# Input data

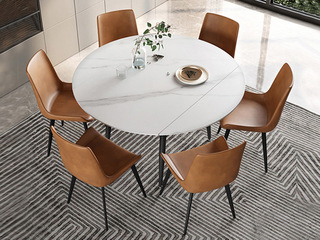  极简风格 防刮耐磨 哑光岩板 1.3米 伸缩圆餐桌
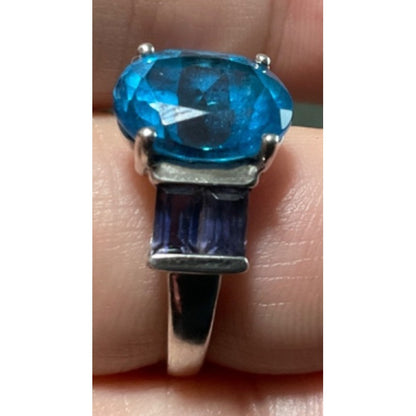 Ring Blue Topaz Iolite Size 7 Women Sterling Silver 925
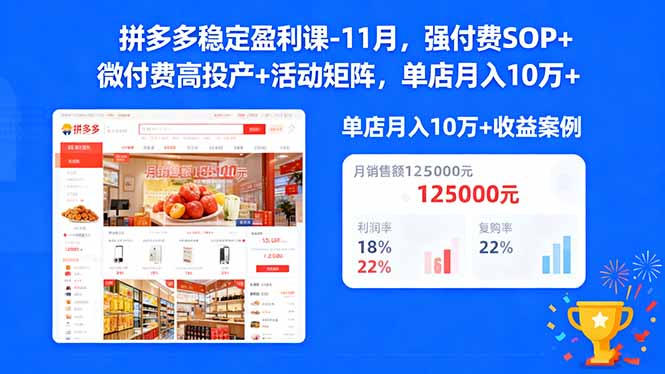 拼多多稳定盈利课-11月，强付费SOP+微付费高投产+活动矩阵，单店月入10万+-37网创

# Assigned task
Copy out the data above to the letter, and keep every picture out of it.

# Response box
  极简风格 防刮耐磨 哑光岩板 1.3米 伸缩圆餐桌
 Ring Blue Topaz Iolite Size 7 Women Sterling Silver 925
 拼多多稳定盈利课-11月，强付费SOP+微付费高投产+活动矩阵，单店月入10万+-37网创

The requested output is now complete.